*** Opening of Provided information ***
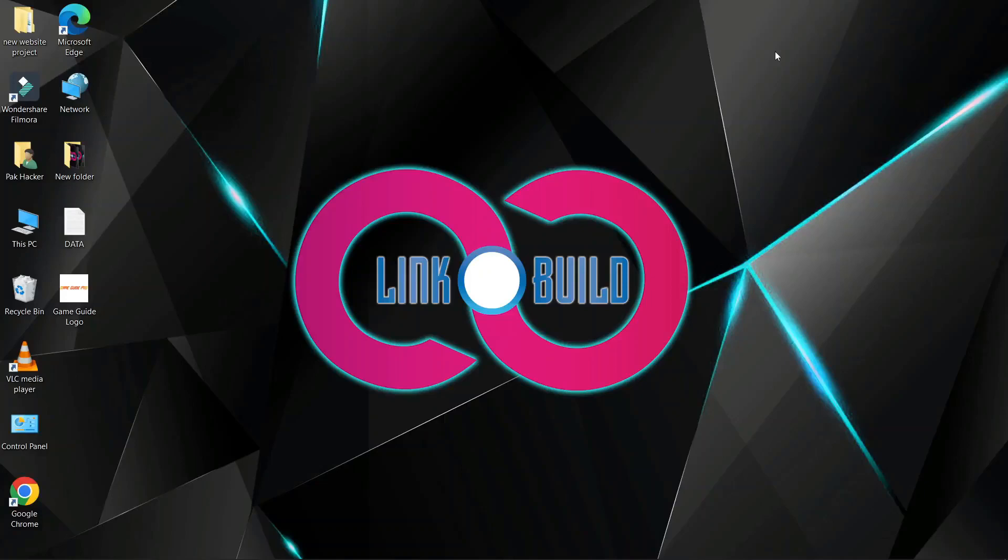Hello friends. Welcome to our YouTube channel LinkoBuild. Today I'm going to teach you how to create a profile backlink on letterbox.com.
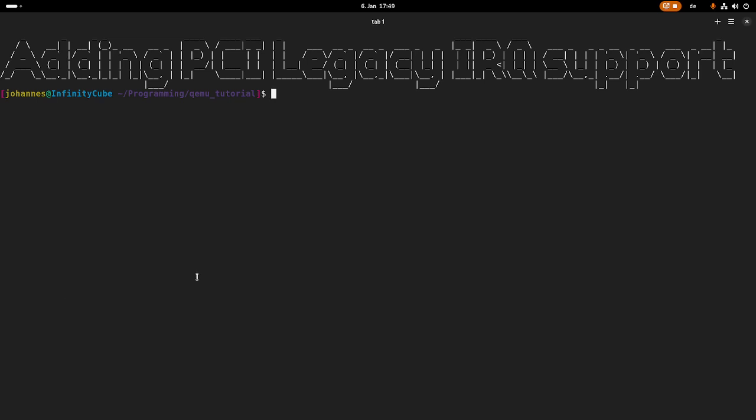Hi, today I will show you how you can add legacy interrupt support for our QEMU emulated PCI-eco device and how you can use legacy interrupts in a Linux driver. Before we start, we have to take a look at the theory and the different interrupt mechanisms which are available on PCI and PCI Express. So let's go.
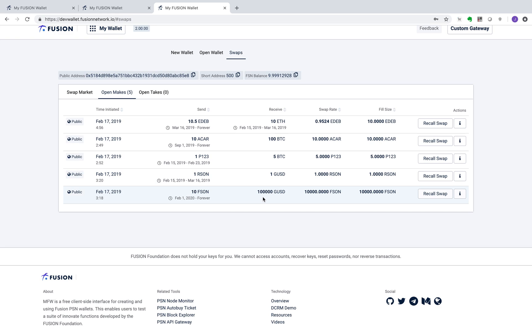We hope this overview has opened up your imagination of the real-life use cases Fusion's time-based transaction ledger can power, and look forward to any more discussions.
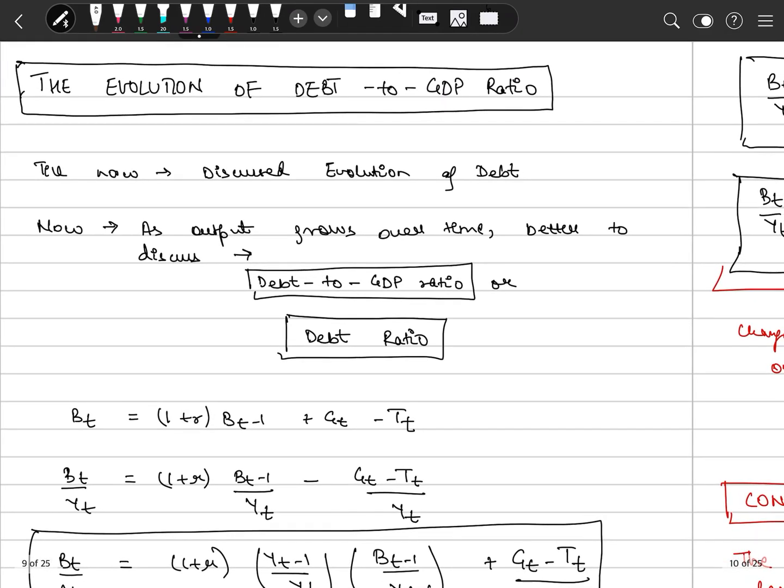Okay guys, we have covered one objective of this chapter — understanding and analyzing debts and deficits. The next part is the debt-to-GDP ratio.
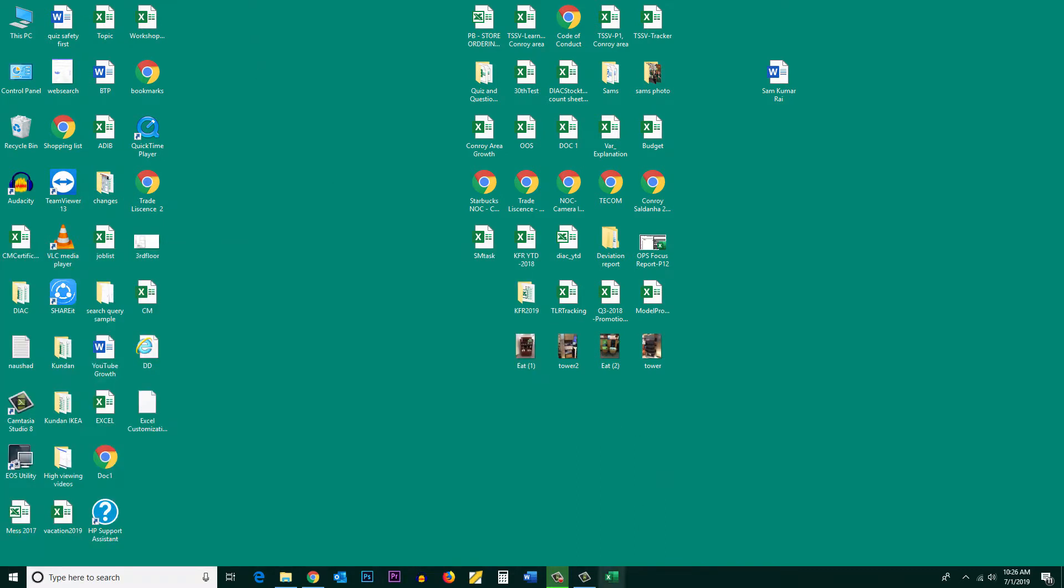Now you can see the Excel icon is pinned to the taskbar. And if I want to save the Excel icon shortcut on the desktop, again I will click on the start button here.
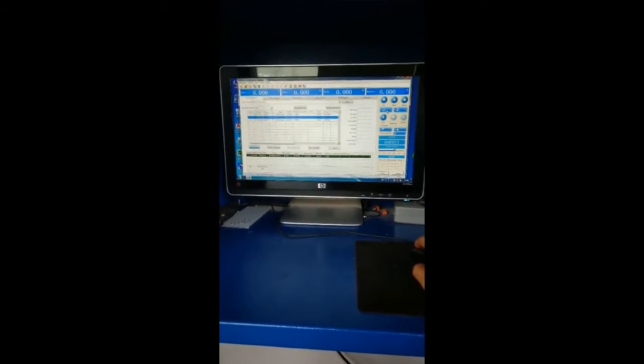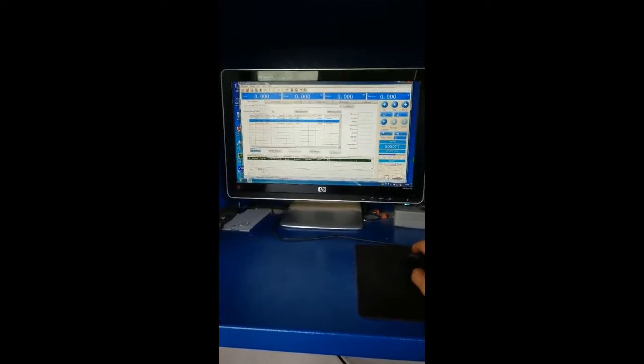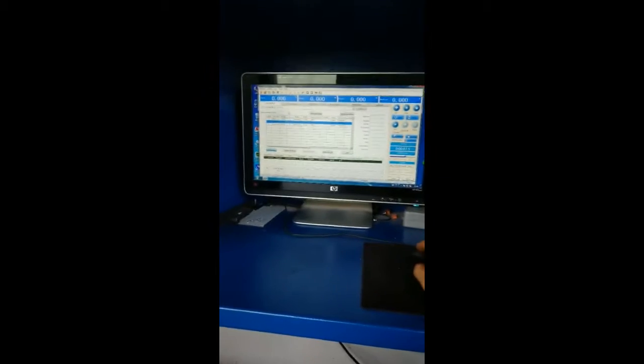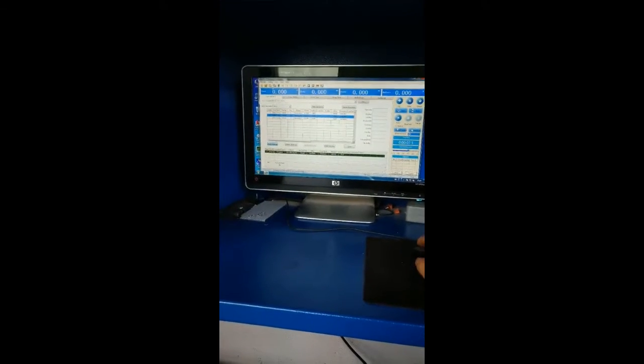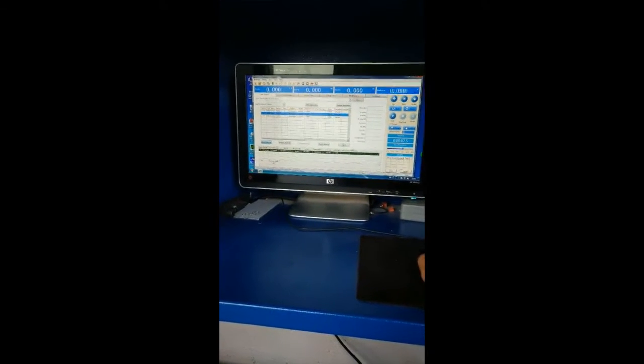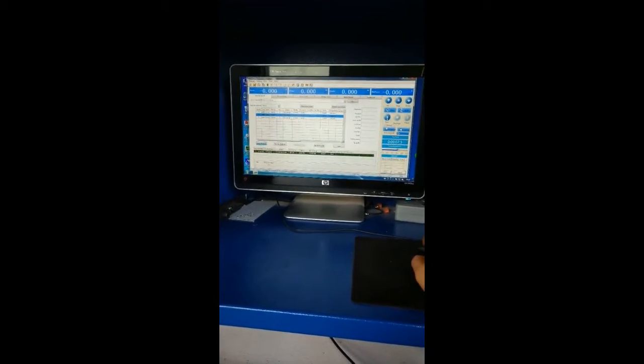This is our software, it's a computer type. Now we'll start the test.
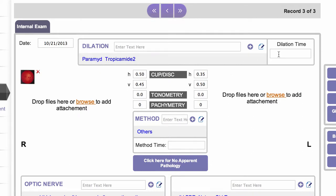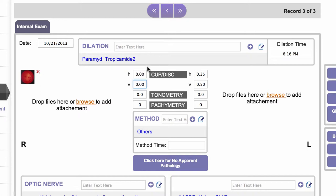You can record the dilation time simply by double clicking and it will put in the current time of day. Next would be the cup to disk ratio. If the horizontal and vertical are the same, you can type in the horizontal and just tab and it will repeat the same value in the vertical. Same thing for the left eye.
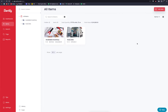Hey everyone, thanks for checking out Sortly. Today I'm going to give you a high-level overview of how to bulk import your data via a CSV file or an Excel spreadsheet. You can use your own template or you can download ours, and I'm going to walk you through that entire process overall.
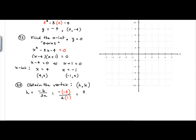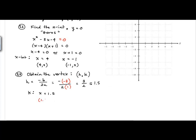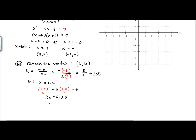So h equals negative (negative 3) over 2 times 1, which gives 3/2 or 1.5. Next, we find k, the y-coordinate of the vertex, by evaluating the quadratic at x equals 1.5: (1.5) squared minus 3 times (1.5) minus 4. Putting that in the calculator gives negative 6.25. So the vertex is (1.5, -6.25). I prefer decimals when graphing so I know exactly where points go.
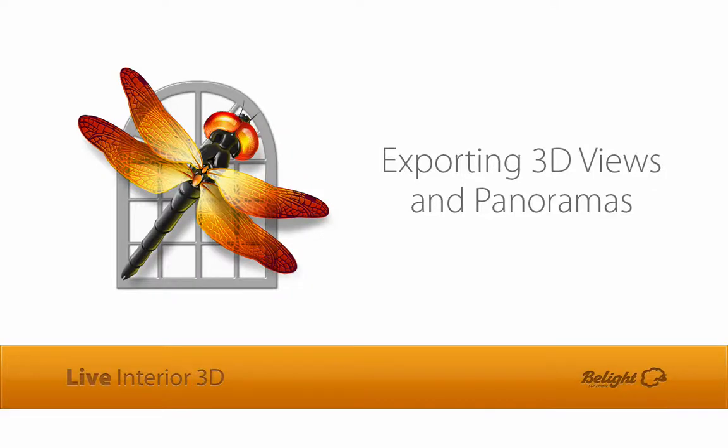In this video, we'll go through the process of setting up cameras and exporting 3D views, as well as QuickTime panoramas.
*** Close of Provided information ***
*** Opening of Provided information ***
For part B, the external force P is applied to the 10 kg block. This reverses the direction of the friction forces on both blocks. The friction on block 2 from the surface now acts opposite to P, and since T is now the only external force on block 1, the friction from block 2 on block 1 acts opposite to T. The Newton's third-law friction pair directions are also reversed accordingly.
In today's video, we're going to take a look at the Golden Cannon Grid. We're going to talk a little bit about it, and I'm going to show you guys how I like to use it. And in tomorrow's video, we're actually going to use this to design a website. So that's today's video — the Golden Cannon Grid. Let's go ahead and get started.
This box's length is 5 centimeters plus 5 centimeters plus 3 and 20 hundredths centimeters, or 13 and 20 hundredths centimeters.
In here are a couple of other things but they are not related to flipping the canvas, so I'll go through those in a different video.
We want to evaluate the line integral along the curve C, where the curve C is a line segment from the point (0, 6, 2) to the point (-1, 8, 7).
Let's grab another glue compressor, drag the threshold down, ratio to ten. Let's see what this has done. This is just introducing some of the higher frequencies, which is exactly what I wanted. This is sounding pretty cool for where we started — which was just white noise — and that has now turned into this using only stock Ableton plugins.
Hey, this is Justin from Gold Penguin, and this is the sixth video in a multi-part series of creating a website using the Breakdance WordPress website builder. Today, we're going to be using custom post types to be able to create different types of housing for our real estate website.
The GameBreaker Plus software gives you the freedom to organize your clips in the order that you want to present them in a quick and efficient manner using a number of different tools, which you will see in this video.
*** Close of Provided information ***
*** Opening of Provided information ***
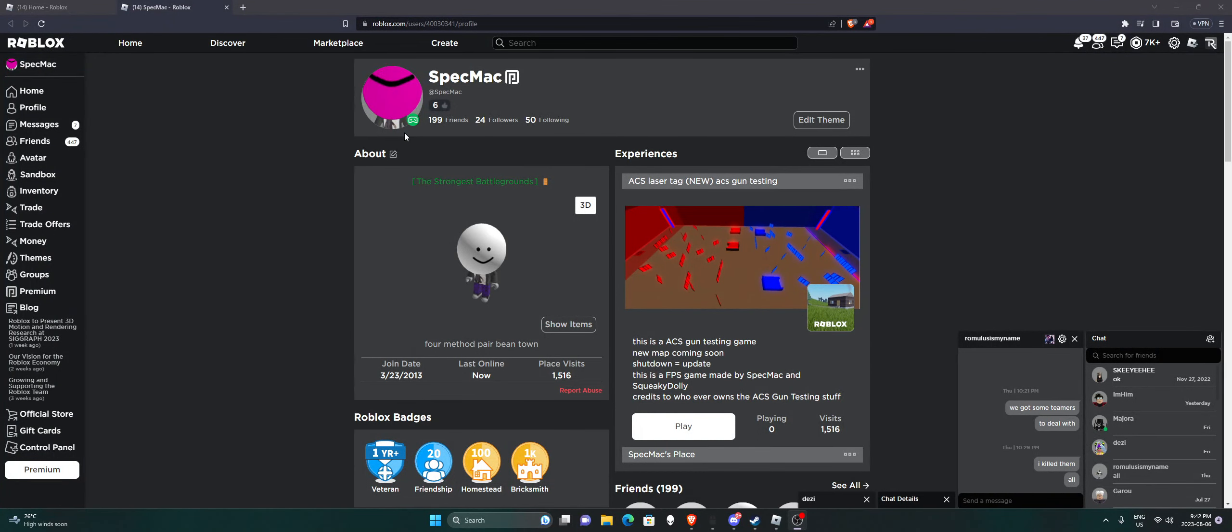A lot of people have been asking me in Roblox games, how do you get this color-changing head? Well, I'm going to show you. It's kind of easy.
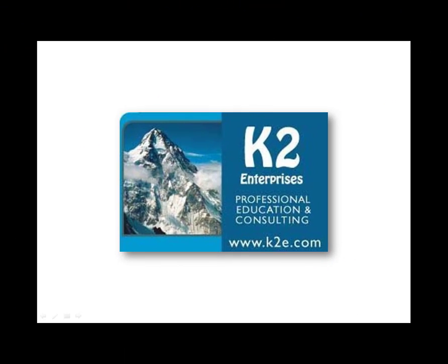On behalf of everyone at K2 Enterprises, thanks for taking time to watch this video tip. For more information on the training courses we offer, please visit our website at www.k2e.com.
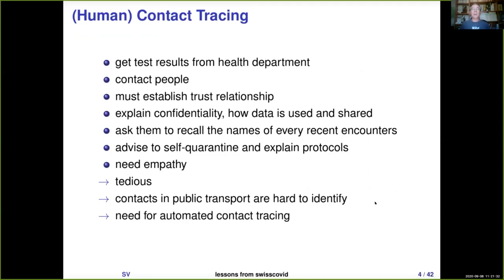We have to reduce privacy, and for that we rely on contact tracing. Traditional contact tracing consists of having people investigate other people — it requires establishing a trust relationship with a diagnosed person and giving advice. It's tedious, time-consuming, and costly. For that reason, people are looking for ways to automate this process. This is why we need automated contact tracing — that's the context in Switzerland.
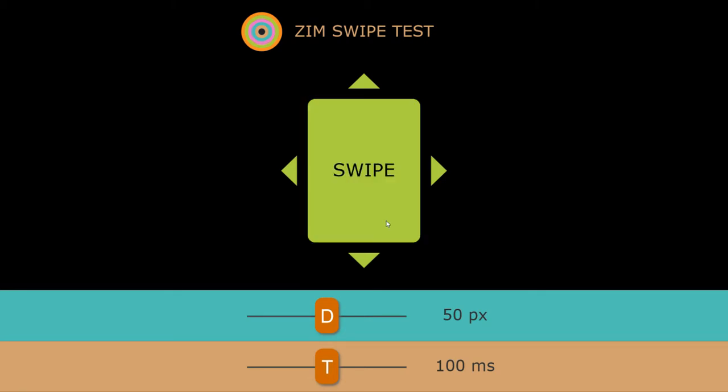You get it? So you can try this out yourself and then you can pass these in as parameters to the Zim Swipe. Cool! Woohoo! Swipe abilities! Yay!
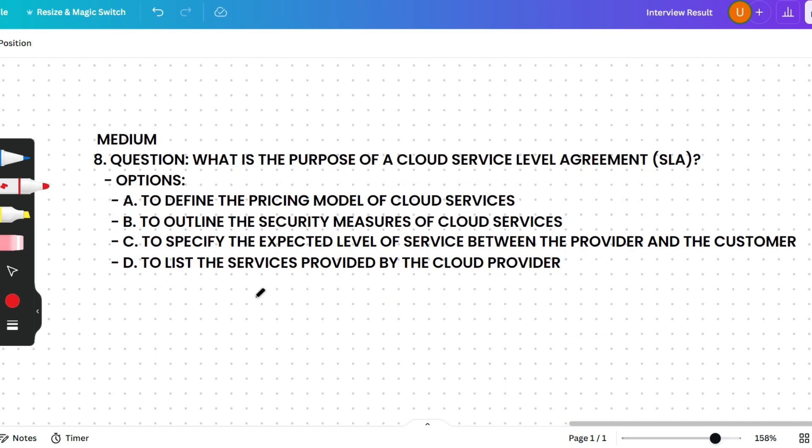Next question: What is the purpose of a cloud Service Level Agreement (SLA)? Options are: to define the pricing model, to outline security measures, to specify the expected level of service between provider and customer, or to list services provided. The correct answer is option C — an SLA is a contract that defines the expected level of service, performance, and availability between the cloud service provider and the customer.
*** Close of Provided information ***
* **Activity**:
Your answer must be everything above from the line with "We have to reduce" down to the line with "Next question: What", word for word, and no pictures.

* **Solution for this exercise**:
We have to reduce privacy, and for that we rely on contact tracing. Traditional contact tracing consists of having people investigate other people — it requires establishing a trust relationship with a diagnosed person and giving advice. It's tedious, time-consuming, and costly. For that reason, people are looking for ways to automate this process. This is why we need automated contact tracing — that's the context in Switzerland.
You get it? So you can try this out yourself and then you can pass these in as parameters to the Zim Swipe. Cool! Woohoo! Swipe abilities! Yay!
Next question: What is the purpose of a cloud Service Level Agreement (SLA)? Options are: to define the pricing model, to outline security measures, to specify the expected level of service between provider and customer, or to list services provided. The correct answer is option C — an SLA is a contract that defines the expected level of service, performance, and availability between the cloud service provider and the customer.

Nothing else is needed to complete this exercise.